For the last eleven years I have been a full-time Baptist minister, working for some of the week with a small Baptist Church in Liverpool and most of time as a broadcast journalist in the BBC, bringing an evangelical Baptist voice into BBC Local Radio. Being a journalist and broadcaster has made me a more incisive preacher and a more understanding pastor. Having work outside the local church has enabled a small church in an urban setting to have an accredited minister serving them. When I started working for the BBC the church had to decide how they wanted me to use my limited time. The parameters of my job were defined and have been accepted by the church without any great problem, and others have undertaken roles I haven’t been able to fill.
In the future more and more Baptist churches won’t be able to afford a whole-time minister. But a bi-vocational minister who spends perhaps half of her or his time serving the church then spends the rest of the working week in another job could serve Christ in the church and continue to serve Christ in their chosen occupation. Most people going to our colleges go there from another profession, and they have the skills and the experience to work outside the church. By assuming that our ministers will give up work entirely to work in a church, we are robbing the world of our best Christian workers and letting the church eat them up.
My vision for bi-vocational ministers is not the older model of lay pastors. A bi-vocational minister, in keeping with our Baptist Futures process, will be in recognised accredited ministry. Their training could consist of one year out of work in a college, or be enabled while the person continues in work. Their bi-vocational work should never be seen as part-time ministry, but as ministry split between a workplace and a church. That other place could be teaching in a Baptist college or in another college or school, or working in industry, or commerce, or the local supermarket, or anywhere. In those places we will have strategically placed skilled Baptist workers who are being Christ among the people, and in our churches we will have ministers whose lives and preaching are informed by the world of work.
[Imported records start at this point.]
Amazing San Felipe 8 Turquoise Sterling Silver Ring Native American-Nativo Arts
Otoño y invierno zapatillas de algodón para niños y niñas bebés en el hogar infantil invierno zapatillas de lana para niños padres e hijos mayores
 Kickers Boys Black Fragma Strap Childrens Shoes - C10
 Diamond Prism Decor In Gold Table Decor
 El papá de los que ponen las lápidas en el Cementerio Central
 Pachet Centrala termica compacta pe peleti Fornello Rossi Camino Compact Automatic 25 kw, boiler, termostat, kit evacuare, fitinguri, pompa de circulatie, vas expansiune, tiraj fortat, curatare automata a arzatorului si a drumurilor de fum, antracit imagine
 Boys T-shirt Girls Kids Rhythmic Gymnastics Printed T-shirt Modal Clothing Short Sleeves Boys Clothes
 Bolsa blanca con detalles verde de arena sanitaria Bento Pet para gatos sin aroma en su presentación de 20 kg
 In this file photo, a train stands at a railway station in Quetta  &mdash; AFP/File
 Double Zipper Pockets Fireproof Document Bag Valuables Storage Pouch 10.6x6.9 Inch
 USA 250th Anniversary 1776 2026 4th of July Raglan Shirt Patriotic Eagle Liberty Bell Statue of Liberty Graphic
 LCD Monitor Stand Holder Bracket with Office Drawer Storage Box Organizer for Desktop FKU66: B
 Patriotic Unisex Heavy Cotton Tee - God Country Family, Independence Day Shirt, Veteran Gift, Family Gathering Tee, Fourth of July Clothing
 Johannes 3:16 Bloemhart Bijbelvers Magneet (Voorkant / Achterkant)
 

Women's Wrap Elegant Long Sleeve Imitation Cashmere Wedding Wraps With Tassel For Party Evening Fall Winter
My local Catholic parish has 800 worshippers and half the time of one priest. My three local Anglican Churches share two minsters. The nearby Methodist Church is a well-attended church with half a minister. Why should we as Baptists live with the assumption that each church should have one whole-time minister? It’s not a model that is Biblical or practical. But rather than sharing ministers churches are better off if they share a minister’s time with work elsewhere, and in these days of “portfolio working” that is nothing unusual. Job-sharing and part-time working is perfectly acceptable to most employers.
And this is not just a model for small churches. If a church can afford to pay a whole-time stipend it could have two bi-vocational ministers, one male, one female, or a minister and a community worker, or even give some money to a neighbouring church to enable ministry there. Let’s liberate ourselves from the shackles of one church, one minister, one stipend – and go bi.